## Problem to work on
Take every line from the records below that includes the word "large".

::: Material supplied :::

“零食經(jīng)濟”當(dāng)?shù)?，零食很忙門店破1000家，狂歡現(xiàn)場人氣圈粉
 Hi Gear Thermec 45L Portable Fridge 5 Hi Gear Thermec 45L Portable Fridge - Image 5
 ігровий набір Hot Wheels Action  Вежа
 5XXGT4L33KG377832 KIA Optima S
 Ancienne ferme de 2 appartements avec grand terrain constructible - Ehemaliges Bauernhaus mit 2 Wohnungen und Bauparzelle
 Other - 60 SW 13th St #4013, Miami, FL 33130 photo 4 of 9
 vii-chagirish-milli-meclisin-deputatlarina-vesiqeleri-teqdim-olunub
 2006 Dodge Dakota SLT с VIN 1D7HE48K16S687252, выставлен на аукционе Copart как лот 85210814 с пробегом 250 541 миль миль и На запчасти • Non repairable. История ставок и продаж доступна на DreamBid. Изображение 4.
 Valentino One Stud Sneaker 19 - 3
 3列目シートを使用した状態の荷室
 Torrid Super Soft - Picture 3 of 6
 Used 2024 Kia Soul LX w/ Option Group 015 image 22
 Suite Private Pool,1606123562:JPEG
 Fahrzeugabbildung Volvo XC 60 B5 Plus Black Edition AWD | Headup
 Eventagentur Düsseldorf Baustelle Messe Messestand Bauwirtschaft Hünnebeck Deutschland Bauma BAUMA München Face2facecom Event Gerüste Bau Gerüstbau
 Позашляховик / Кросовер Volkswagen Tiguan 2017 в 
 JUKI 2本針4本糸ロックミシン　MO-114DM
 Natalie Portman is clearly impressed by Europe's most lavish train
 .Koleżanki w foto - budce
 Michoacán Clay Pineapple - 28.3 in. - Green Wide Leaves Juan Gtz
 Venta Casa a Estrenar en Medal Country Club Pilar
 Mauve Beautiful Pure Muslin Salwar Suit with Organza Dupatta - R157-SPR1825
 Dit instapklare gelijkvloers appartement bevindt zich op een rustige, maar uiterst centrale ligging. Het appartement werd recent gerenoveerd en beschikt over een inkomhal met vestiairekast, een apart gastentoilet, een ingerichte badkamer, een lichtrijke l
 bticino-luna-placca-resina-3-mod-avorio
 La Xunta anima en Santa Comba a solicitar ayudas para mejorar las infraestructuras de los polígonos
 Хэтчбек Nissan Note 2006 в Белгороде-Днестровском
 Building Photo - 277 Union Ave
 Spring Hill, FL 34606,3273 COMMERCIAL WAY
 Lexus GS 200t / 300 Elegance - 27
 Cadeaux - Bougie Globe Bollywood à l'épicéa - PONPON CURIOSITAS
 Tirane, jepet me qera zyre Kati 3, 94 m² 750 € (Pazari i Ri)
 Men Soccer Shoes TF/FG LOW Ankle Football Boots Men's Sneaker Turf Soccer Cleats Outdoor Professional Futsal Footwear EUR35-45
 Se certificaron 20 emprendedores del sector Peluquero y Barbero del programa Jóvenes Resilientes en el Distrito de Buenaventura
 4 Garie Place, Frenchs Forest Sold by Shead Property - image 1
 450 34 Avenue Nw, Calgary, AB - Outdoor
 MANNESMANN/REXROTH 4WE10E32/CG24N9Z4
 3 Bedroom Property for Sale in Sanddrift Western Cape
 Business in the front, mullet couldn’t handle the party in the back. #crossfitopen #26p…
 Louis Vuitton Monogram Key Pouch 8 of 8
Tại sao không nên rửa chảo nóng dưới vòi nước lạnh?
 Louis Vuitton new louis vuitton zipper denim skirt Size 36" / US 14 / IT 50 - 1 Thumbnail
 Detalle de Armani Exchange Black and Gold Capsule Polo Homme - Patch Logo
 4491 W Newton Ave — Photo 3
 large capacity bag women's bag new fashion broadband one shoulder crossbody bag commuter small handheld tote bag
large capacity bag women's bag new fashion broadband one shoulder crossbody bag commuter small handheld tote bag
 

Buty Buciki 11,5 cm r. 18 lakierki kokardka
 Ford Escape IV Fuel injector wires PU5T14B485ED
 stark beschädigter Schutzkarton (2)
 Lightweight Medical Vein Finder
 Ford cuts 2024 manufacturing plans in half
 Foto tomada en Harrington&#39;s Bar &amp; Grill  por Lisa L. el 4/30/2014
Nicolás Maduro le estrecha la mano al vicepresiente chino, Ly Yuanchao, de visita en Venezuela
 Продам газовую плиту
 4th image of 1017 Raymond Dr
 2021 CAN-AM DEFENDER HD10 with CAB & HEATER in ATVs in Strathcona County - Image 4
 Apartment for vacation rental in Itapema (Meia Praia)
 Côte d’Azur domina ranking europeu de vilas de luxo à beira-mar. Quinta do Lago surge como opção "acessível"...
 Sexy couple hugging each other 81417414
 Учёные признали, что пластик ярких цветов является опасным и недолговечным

:::

## Solution for this exercise
 large capacity bag women's bag new fashion broadband one shoulder crossbody bag commuter small handheld tote bag
large capacity bag women's bag new fashion broadband one shoulder crossbody bag commuter small handheld tote bag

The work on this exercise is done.